* [STUDY MATERIAL]
○ ○ ○ ○ ○ ○ ○

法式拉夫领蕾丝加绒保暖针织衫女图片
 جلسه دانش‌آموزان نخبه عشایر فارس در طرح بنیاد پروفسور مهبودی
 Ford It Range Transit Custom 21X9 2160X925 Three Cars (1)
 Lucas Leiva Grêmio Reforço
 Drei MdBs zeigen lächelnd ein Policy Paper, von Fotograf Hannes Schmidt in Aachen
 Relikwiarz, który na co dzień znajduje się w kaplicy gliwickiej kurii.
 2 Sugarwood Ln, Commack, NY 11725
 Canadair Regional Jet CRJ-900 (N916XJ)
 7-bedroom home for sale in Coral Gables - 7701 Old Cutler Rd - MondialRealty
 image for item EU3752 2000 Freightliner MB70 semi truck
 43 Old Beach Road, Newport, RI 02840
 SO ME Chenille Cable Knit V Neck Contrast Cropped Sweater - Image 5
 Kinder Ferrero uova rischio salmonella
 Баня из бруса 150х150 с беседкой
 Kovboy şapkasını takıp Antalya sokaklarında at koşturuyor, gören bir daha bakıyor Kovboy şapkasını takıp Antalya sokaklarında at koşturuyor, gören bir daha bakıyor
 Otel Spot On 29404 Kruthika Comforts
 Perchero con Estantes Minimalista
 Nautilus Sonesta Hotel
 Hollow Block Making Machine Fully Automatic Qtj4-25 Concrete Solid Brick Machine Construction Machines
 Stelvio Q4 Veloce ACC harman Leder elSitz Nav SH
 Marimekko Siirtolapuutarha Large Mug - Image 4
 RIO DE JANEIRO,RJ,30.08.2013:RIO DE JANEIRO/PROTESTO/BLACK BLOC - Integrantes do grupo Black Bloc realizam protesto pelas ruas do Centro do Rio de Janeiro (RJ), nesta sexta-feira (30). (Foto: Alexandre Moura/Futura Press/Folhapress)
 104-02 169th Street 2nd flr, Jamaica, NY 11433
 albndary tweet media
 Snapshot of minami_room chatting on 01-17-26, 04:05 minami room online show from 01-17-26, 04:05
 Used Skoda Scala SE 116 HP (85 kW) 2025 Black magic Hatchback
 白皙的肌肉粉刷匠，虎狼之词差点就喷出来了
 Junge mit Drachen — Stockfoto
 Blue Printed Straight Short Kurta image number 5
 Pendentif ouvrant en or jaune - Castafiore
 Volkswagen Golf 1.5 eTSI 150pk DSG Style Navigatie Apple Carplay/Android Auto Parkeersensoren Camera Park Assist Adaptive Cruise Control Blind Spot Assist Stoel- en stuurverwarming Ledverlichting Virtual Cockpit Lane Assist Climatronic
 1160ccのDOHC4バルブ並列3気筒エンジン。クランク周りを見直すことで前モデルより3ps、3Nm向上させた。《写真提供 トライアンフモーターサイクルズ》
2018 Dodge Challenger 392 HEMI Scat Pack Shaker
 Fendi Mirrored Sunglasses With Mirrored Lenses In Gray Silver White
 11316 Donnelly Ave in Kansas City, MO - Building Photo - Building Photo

○ ○ ○ ○ ○ ○ ○

Would you print exactly and only the lines of the material above that run from the line with "2 Sugarwood Ln, Commack, NY 11725" through the line with "43 Old Beach Road, Newport, RI 02840", both included?

 2 Sugarwood Ln, Commack, NY 11725
 Canadair Regional Jet CRJ-900 (N916XJ)
 7-bedroom home for sale in Coral Gables - 7701 Old Cutler Rd - MondialRealty
 image for item EU3752 2000 Freightliner MB70 semi truck
 43 Old Beach Road, Newport, RI 02840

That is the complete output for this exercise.